**Task to complete:** Leave the pictures out. Retype exactly the lines below from the one containing "Men High‑Top Retro" through the one containing "OEM Organizator Machiaj", and no others.

------ Provided entries ------

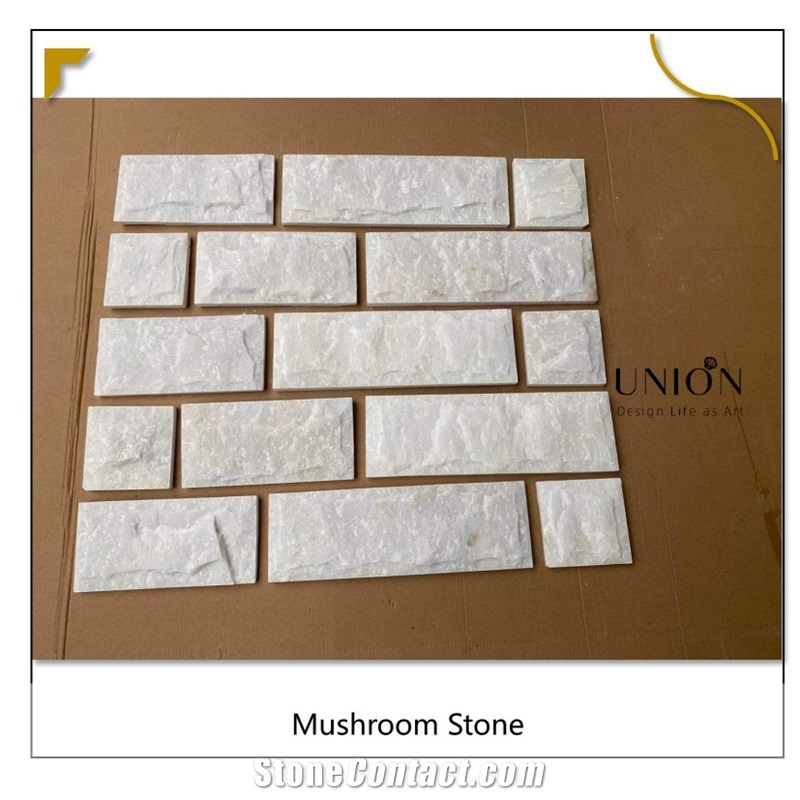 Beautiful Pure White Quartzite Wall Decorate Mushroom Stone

------
------ Provided entries ------

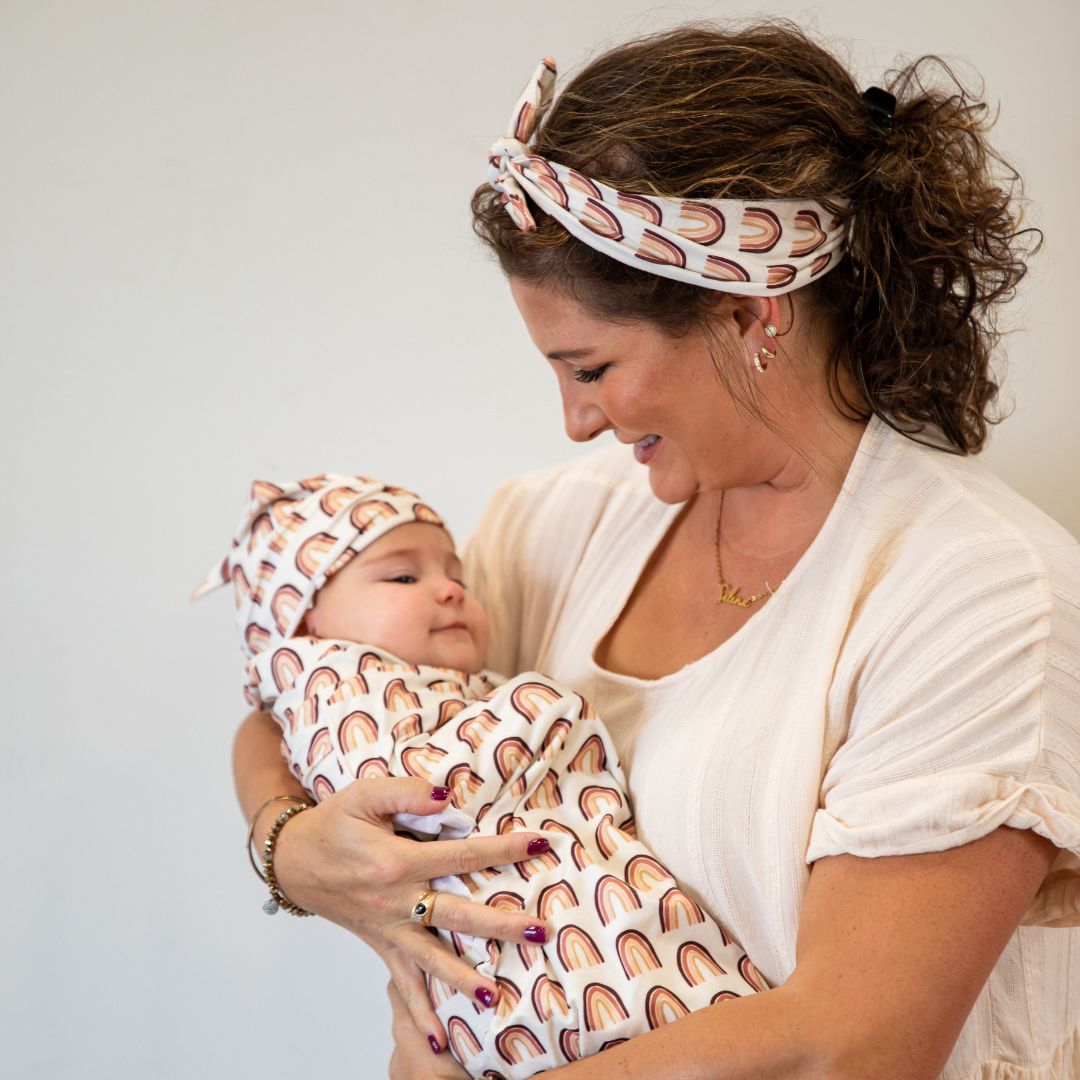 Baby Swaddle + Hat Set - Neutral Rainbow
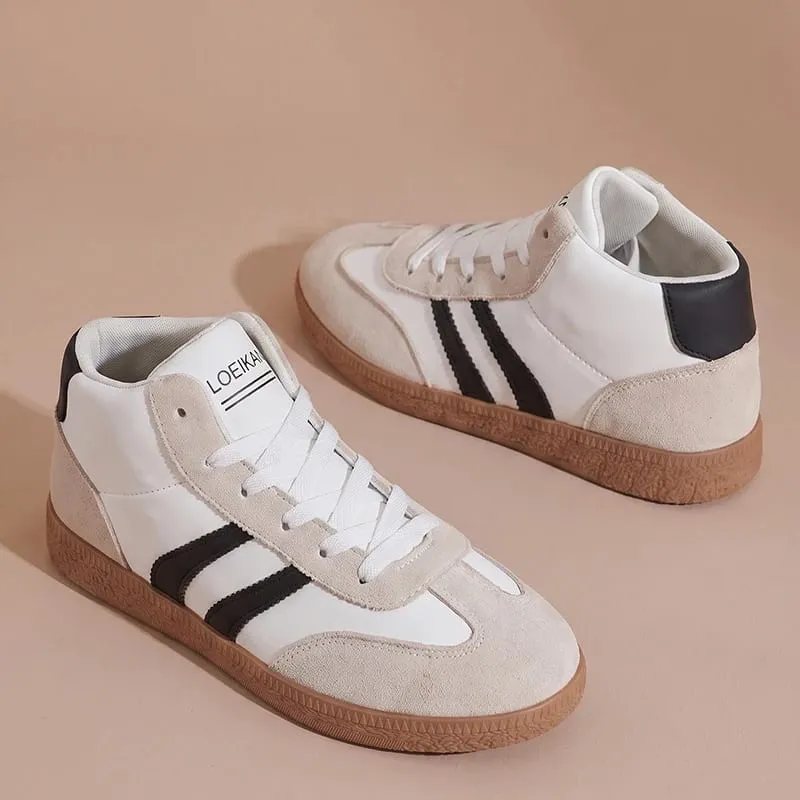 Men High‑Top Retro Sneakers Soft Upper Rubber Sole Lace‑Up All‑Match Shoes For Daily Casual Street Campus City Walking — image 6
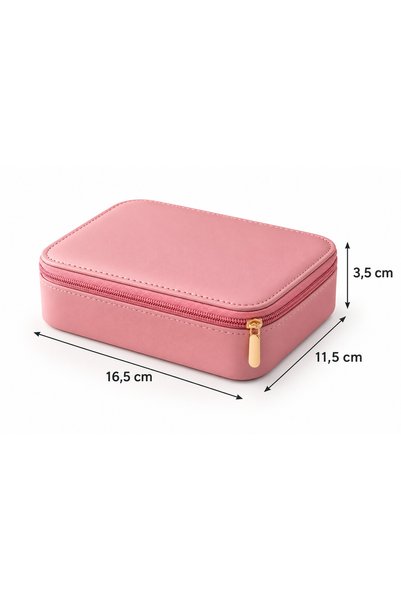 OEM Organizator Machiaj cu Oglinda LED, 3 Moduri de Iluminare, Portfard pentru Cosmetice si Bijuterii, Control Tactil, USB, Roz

------
------ Provided entries ------

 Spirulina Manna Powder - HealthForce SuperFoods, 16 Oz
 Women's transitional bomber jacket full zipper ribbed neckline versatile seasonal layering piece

------

**Result for this task:**
 Men High‑Top Retro Sneakers Soft Upper Rubber Sole Lace‑Up All‑Match Shoes For Daily Casual Street Campus City Walking — image 6
 OEM Organizator Machiaj cu Oglinda LED, 3 Moduri de Iluminare, Portfard pentru Cosmetice si Bijuterii, Control Tactil, USB, Roz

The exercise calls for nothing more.